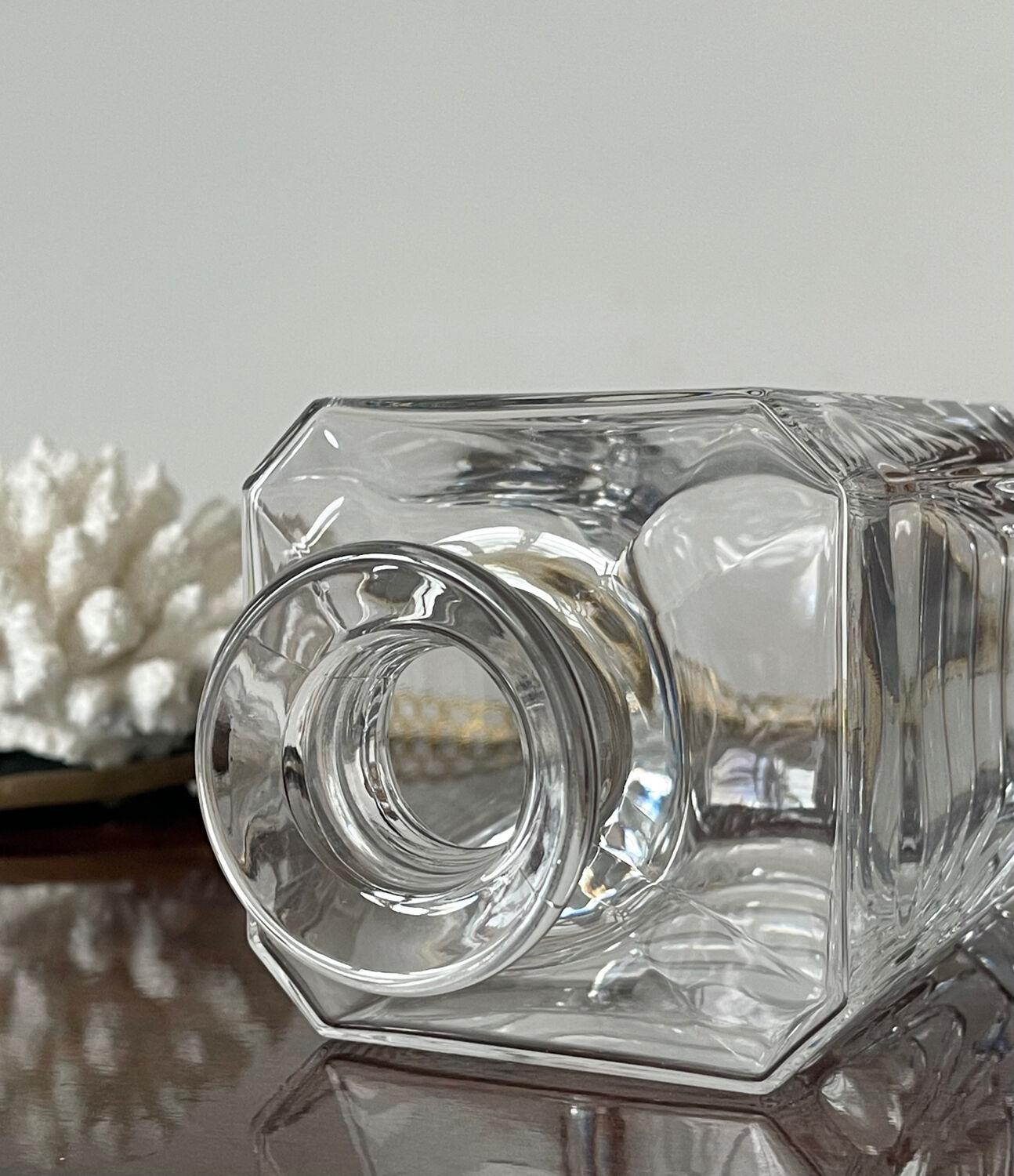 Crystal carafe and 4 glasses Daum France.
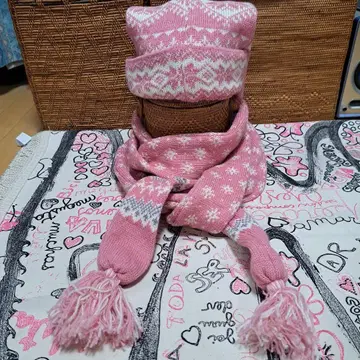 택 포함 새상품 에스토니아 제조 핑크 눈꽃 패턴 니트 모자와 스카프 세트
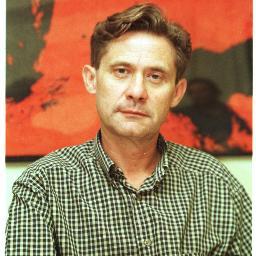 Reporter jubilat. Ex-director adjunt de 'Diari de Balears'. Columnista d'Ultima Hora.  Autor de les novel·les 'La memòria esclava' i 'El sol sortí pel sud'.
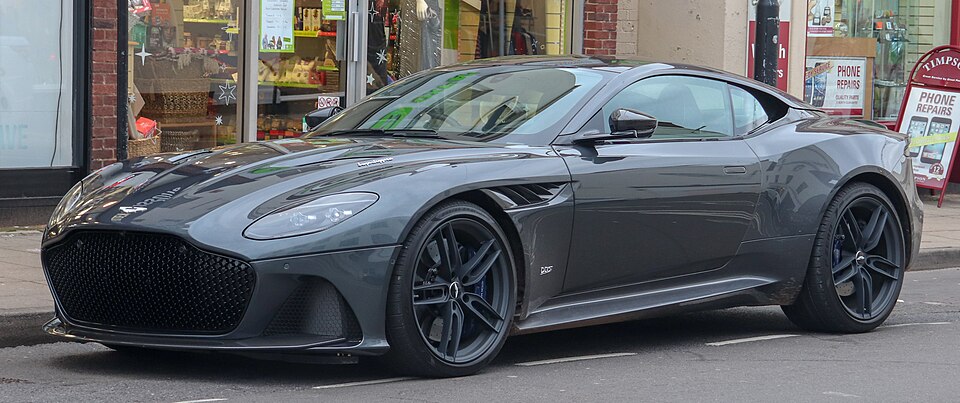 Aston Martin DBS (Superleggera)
# # # # #
- _Exercise objective_
Only exact repeats of the lines from the one containing "Reporter jubilat. Ex-director" through the end of the listing above are wanted here; pictures are not.

- _Solution to this task_
 Reporter jubilat. Ex-director adjunt de 'Diari de Balears'. Columnista d'Ultima Hora.  Autor de les novel·les 'La memòria esclava' i 'El sol sortí pel sud'.
 Aston Martin DBS (Superleggera)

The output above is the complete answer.